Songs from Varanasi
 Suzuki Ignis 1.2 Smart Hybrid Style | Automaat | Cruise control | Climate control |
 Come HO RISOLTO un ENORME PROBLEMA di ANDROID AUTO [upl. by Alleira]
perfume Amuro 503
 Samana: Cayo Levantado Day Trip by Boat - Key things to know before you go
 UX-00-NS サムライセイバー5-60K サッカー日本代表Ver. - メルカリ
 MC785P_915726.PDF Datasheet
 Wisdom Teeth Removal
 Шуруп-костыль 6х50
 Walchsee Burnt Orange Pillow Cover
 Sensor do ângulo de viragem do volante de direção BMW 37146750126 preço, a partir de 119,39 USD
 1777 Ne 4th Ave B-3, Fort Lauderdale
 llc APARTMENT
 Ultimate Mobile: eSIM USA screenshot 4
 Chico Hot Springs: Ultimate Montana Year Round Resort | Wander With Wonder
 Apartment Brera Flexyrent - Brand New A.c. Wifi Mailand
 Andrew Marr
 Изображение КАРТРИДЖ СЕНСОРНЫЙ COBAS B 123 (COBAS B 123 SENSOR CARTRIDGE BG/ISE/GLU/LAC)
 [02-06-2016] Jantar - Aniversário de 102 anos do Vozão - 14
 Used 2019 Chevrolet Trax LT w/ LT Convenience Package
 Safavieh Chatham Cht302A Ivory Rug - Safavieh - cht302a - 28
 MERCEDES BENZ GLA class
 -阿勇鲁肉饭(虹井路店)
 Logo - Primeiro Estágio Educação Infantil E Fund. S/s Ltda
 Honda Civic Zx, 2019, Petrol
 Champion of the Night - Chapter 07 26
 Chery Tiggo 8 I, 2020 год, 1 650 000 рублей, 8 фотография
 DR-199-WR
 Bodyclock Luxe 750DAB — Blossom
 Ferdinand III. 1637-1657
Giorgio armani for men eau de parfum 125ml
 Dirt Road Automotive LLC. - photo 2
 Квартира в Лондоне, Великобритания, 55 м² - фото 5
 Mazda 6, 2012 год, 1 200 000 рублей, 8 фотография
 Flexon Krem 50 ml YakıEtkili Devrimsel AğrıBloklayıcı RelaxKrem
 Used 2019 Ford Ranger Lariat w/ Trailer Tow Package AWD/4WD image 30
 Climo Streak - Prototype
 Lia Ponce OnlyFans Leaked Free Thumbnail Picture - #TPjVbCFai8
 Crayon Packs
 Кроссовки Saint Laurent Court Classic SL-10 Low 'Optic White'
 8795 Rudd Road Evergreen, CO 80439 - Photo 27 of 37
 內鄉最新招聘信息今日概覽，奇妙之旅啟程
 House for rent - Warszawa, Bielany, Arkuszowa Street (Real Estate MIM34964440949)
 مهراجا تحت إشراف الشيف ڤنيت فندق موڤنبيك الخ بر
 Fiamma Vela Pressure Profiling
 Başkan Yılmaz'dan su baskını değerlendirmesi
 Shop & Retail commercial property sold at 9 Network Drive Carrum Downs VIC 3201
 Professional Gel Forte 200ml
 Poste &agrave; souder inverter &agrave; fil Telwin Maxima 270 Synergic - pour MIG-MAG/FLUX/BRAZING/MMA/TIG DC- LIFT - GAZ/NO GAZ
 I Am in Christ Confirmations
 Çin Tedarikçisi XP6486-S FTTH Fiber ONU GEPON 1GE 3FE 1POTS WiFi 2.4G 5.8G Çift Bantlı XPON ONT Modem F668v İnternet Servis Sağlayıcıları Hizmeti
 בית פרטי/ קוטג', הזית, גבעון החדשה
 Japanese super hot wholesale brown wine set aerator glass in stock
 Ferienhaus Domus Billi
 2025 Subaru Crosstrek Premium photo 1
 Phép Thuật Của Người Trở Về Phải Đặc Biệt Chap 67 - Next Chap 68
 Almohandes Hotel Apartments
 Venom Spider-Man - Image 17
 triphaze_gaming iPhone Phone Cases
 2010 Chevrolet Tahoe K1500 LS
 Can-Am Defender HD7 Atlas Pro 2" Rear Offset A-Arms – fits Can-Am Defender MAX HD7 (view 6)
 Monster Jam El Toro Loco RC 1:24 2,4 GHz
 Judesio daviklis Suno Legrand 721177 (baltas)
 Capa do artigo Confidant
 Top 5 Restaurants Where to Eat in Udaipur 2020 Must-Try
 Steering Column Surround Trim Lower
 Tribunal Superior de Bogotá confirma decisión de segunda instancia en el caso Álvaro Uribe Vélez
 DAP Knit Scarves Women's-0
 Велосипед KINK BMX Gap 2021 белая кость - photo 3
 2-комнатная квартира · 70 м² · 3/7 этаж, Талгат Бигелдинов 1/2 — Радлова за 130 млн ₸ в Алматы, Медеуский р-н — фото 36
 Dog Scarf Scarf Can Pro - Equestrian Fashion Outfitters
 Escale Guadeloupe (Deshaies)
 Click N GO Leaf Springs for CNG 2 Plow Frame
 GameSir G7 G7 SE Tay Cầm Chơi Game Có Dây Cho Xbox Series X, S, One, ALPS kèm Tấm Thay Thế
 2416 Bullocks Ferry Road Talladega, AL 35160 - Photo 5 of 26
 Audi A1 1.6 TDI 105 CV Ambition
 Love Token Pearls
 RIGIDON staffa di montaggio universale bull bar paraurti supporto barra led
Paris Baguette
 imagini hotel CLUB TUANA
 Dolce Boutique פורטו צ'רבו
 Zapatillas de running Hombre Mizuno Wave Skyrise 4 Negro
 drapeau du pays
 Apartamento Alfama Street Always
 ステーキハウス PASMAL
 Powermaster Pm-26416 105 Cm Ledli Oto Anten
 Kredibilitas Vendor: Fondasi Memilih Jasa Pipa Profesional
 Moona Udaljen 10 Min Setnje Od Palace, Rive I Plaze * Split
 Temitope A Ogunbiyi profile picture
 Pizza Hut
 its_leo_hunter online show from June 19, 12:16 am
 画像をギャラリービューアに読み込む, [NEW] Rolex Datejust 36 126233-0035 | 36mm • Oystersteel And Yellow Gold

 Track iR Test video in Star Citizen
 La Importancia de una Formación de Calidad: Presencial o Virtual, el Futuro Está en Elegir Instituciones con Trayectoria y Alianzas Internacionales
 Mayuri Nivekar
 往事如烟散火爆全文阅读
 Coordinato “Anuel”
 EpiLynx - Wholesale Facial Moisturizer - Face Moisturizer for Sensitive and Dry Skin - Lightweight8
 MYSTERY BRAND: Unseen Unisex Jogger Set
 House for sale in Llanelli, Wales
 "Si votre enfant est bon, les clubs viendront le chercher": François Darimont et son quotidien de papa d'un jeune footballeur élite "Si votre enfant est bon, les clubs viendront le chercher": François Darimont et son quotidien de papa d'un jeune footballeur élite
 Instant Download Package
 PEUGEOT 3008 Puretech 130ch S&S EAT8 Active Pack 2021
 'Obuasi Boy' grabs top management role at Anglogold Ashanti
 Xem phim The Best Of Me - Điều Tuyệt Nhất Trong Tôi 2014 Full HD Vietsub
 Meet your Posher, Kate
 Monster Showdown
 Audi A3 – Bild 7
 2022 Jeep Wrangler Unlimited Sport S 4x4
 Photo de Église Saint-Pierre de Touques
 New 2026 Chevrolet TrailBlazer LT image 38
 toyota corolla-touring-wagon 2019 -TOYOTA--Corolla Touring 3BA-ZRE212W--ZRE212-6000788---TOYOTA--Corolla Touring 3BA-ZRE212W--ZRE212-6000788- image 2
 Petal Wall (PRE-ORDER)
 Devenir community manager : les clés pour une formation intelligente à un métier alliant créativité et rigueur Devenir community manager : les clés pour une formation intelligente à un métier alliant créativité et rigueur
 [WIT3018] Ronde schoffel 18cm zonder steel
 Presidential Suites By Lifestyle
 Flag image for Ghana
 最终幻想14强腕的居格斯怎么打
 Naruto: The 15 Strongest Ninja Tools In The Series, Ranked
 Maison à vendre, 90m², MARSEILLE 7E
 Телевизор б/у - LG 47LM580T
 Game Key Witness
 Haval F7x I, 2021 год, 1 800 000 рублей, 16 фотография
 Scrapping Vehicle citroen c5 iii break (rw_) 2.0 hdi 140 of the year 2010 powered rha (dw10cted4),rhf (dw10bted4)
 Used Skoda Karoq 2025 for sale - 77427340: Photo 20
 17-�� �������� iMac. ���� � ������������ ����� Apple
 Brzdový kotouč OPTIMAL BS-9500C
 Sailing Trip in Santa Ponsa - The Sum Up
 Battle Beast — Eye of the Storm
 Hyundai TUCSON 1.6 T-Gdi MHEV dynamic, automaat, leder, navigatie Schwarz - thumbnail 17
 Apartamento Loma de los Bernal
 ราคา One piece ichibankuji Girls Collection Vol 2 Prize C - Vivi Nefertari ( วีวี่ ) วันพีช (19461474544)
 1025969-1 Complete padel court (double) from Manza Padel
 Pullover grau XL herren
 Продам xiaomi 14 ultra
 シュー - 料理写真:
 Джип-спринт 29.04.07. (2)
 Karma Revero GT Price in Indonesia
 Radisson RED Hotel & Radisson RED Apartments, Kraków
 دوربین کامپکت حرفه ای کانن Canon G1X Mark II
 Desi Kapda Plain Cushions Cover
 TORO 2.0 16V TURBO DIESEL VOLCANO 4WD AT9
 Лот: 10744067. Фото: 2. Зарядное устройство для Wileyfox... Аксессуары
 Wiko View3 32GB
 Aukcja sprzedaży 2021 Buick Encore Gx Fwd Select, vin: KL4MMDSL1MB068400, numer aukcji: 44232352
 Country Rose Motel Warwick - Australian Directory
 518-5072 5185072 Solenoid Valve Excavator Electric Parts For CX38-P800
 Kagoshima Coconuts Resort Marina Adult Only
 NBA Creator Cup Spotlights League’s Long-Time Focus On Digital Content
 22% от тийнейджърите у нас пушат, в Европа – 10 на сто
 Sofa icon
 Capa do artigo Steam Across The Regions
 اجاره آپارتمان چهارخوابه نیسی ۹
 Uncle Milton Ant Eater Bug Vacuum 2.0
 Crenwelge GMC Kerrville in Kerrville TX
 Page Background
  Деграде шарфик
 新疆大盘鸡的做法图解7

■ ■ ■ ■ ■

▸ **Task description**:
What is needed is an exact copy of the entries above, from the first line through the line holding "Шуруп-костыль 6х50", with both of those lines kept; please give nothing else.

▸ **Result for this task**:
Songs from Varanasi
 Suzuki Ignis 1.2 Smart Hybrid Style | Automaat | Cruise control | Climate control |
 Come HO RISOLTO un ENORME PROBLEMA di ANDROID AUTO [upl. by Alleira]
perfume Amuro 503
 Samana: Cayo Levantado Day Trip by Boat - Key things to know before you go
 UX-00-NS サムライセイバー5-60K サッカー日本代表Ver. - メルカリ
 MC785P_915726.PDF Datasheet
 Wisdom Teeth Removal
 Шуруп-костыль 6х50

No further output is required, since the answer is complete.